Parigi: Thomas, un regista teatrale sta facendo i provini per la protagonista della sua piéce “Venere in pelliccia. In chiusura, si presenta una sedicente, svampita e sboccata attrice che si chiama Wanda come la protagonista. E iniziano le danze …
Roman Polanski, all’età di 80 anni, ci presenta la sua 28esima regia: un film (FRA-POL, 13) proveniente dal testo teatrale omonimo di David Ives, che l’ha cosceneggiato con lui,e  che a sua volta si rifà ad un testo letterario dell’800 di Leopold Von Sacher Masoch.
Pur essendo assolutamente teatrale, in maniera ancora più esplicitamente esibita del suo ultimo Carnage (2011), l’opera diventa grande cinema per il taglio stilistico che Polanski ha saputo dargli.
Sono solo due attori sempre in scena. Lei, Emmanuelle Seigner, che pur presentandosi da matura e intraprendente proletaria della scena, in cerca di lavoro, mano a mano si mostra in grado di sconvolgere i ruoli attesi.
L’altro, MathieuAmalric, stranamente, ma non troppo è somigliantissimo al regista; e che, da “intellò” (intellettuale radical chic di Parigi), entra in una dinamica infernale che lo porterà ad assumere il ruolo “segreto” di vittima, “tipo” – come intercala spesso la plebea Wanda, l’archetipo di San Sebastiano, trafitto dalle mille frecce, nessuna mortale, del piacere “rimosso”.
È una dialettica avviluppante, concentrata in uno spazio ristretto,  ma che produce numerosissime onde. Gli echi delle parole, s’insinuano negli interstizi del vuoto del palcoscenico privo di orpelli, e con solo essenziali attrezzi.
Tutto rimanda alla geometria delle posizioni reciproche: esse sono come scolpite dalla parole cangianti come cromatismi in fondo al mare. Ma che non si disperdono nel vuoto: mutano le reciproche posizioni dei due; i loro reciproci spazi esistenziali. Che risultano sovvertiti; poi invertiti, in una danza che è genialmente sintetizzata dal finale, in quel misterioso e misterico ballo delle Baccanti.
È un cinema che muove con molta astuzia gli spazi e i tempi. Il montaggio accompagna, fin dalle prime battute, l’echeggiare delle parole. A curarlo sono ben due, Margot Meynier, giovane, e lo sperimentato ed eclettico Hervé De Luze: e quest’ultimo è uno dei più bravi della cinematografia francese e internazionale. Sono piccoli spostamenti che non danno tregua: accompagnano, esaltano e fanno variare, quasi senza che ce ne accorgiamo l’ossessività dei dialoghi.

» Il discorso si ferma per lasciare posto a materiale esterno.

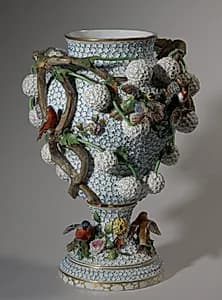 Vase by Meissen Porcelain Factory (German, est. c. 1710)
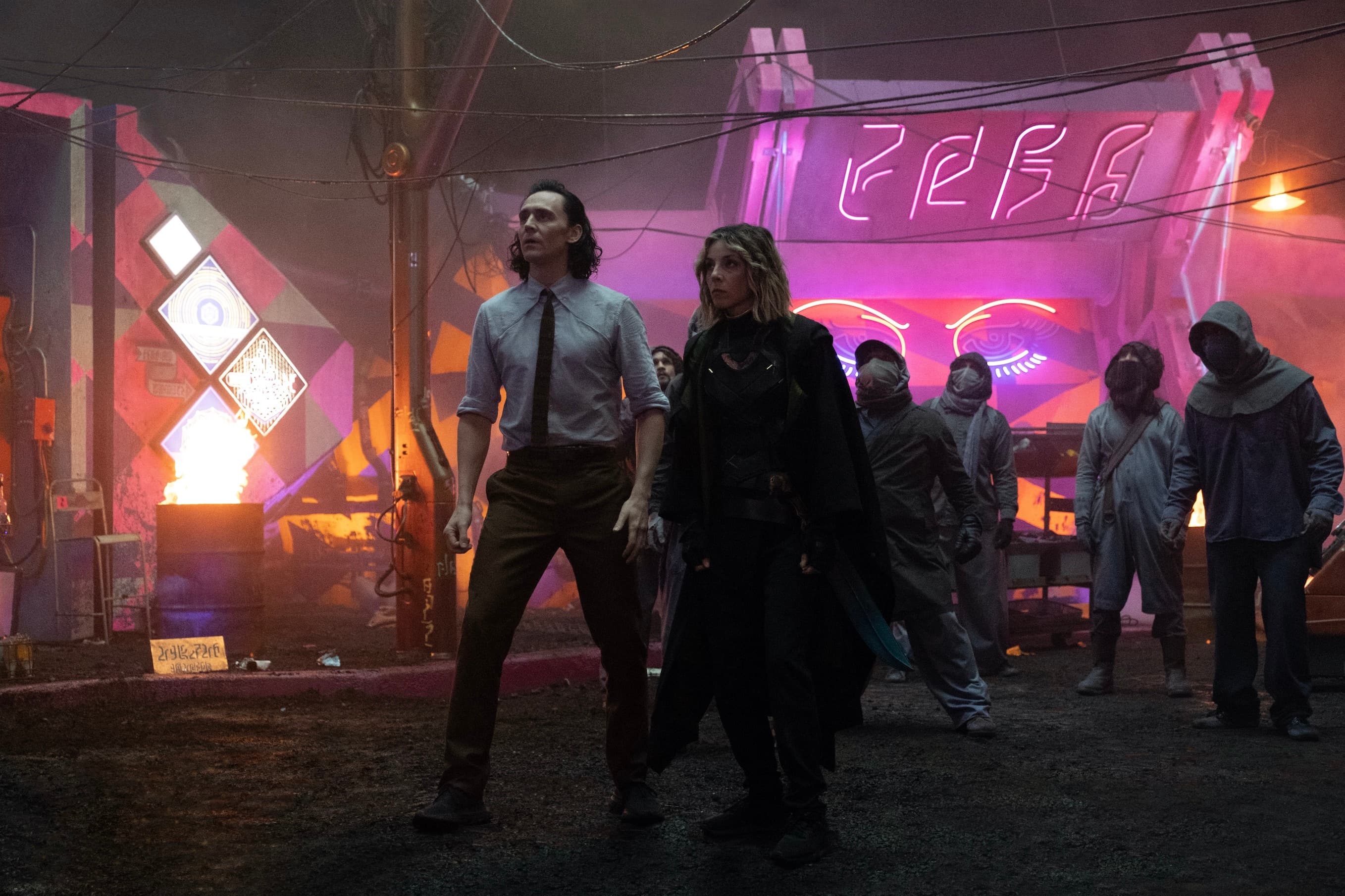 2716x1810 Loki': Explore New Image From Episode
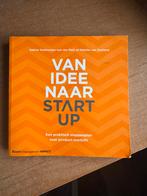 Natalie van Zeeland - Van idee naar start-up, Boeken, Wetenschap, Sociale wetenschap, Natalie van Zeeland; Sabine Kerkmeijer-van der Peijl
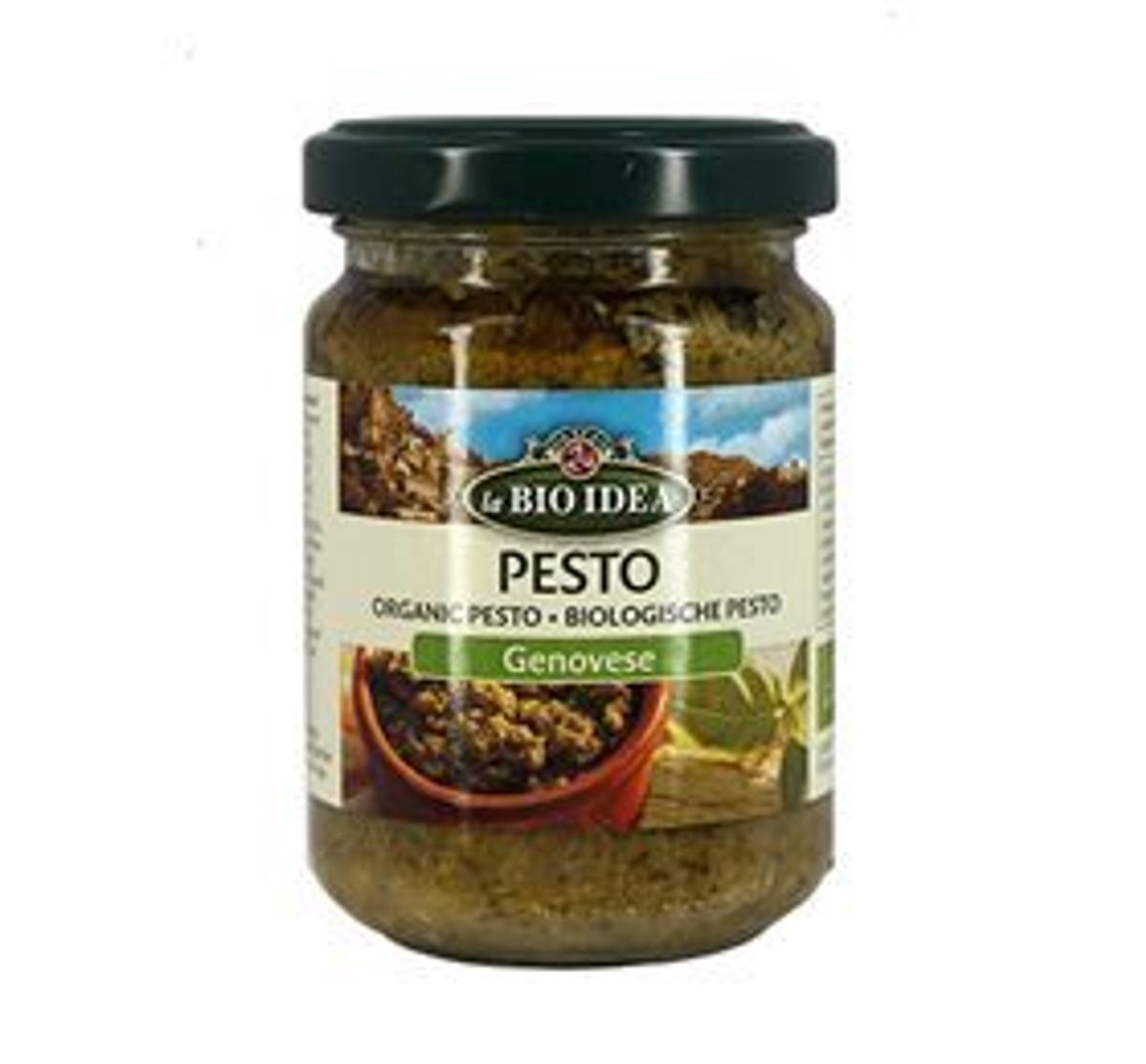 Rømer Pesto grøn Genovese Ø, 130g.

Il Direttore della fotografia è il talentuoso polacco Pawel Edelman, che ha spesso lavorato con Polanski, riuscendo, come in questo caso, a portare le luci ad una varianza quasi fisica. E ciò si nota fin dalle primissime battute dell’entrée: il “fuori” è un prolungamento di un viaggio senza soste, verso un “dentro”, che è il teatro-verità, fisicamente fatiscente e concentrazionario.
La musica di Alexandre Desplat, incombente e violenta, contribuisce a suggerire quel senso di ineluttabilità, che presiede al ritualismo della messa in mora delle mascolinità del finale.